◆ **What is required**: Below this sentence is a listing; return exactly its lines from the one with "6 Light Bathroom" to the one with "Fuschia pink black", both kept, and nothing more.

◆ **Material for the task**:

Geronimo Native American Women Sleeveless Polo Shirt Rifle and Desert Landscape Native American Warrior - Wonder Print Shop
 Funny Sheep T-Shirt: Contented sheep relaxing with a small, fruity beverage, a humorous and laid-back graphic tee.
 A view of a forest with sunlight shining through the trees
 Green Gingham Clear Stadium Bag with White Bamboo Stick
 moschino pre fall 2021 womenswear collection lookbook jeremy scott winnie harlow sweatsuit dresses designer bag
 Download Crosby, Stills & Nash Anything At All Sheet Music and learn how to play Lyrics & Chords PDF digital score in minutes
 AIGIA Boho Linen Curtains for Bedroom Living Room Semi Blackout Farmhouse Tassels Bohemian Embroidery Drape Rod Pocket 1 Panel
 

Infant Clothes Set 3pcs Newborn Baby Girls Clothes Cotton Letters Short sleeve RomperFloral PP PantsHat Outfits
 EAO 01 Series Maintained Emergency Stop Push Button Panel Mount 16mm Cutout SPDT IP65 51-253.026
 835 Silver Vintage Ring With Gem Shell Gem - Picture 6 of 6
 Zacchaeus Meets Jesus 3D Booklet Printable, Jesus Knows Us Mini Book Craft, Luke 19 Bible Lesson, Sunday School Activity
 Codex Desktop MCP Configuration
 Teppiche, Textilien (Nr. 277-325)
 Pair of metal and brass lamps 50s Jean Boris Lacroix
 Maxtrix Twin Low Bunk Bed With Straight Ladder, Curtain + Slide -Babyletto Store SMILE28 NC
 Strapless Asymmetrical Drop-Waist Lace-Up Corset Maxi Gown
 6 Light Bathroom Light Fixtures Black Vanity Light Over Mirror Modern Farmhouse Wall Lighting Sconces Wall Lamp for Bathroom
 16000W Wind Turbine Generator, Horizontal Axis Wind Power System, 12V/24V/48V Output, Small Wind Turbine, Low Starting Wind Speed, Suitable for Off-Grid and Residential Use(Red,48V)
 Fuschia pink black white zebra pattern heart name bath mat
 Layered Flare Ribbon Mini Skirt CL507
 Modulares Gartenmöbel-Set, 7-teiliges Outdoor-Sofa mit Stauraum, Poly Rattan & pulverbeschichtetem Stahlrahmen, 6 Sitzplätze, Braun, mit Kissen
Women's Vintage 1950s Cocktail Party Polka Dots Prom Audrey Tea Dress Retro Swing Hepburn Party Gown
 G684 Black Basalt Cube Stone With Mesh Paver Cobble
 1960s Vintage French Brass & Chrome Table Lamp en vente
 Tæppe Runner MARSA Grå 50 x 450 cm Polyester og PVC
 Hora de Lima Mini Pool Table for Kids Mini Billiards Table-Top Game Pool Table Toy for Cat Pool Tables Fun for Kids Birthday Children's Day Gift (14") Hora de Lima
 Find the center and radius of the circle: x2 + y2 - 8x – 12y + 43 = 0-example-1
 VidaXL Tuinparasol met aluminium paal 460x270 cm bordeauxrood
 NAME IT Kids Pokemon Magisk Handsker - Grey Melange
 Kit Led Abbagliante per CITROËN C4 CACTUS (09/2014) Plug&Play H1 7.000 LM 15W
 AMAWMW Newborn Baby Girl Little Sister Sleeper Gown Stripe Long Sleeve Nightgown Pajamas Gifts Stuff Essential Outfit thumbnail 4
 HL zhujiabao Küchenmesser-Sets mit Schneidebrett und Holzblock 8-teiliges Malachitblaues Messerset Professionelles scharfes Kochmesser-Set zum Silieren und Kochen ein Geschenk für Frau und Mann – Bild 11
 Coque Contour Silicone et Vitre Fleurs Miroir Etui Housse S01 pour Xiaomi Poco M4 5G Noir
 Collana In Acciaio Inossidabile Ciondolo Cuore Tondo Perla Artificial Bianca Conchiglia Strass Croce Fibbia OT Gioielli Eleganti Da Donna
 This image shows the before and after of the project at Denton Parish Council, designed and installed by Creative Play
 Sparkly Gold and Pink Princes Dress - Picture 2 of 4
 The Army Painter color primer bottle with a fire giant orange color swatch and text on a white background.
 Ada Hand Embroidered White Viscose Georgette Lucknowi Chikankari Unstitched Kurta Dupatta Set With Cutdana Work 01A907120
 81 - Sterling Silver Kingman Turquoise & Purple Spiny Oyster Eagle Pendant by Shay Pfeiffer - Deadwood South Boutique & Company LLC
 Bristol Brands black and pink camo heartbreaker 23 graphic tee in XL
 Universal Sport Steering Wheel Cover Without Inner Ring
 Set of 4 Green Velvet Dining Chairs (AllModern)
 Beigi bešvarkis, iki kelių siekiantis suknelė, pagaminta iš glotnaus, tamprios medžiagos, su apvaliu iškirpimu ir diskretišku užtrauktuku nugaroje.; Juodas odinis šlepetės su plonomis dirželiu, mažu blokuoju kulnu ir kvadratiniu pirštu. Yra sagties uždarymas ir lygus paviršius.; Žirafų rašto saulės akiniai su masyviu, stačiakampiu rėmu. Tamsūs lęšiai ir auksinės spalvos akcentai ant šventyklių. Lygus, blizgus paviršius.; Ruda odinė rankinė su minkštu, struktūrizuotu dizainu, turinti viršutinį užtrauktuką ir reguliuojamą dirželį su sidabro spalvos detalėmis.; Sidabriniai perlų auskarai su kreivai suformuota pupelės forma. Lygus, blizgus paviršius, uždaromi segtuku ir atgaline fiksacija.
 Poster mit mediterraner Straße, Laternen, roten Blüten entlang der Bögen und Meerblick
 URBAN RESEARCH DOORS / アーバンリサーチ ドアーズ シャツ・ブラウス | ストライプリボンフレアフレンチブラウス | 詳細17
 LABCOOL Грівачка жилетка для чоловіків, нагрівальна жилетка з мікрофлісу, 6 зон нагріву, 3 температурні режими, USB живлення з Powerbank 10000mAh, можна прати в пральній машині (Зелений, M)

◆ **Solution to the problem**:
 6 Light Bathroom Light Fixtures Black Vanity Light Over Mirror Modern Farmhouse Wall Lighting Sconces Wall Lamp for Bathroom
 16000W Wind Turbine Generator, Horizontal Axis Wind Power System, 12V/24V/48V Output, Small Wind Turbine, Low Starting Wind Speed, Suitable for Off-Grid and Residential Use(Red,48V)
 Fuschia pink black white zebra pattern heart name bath mat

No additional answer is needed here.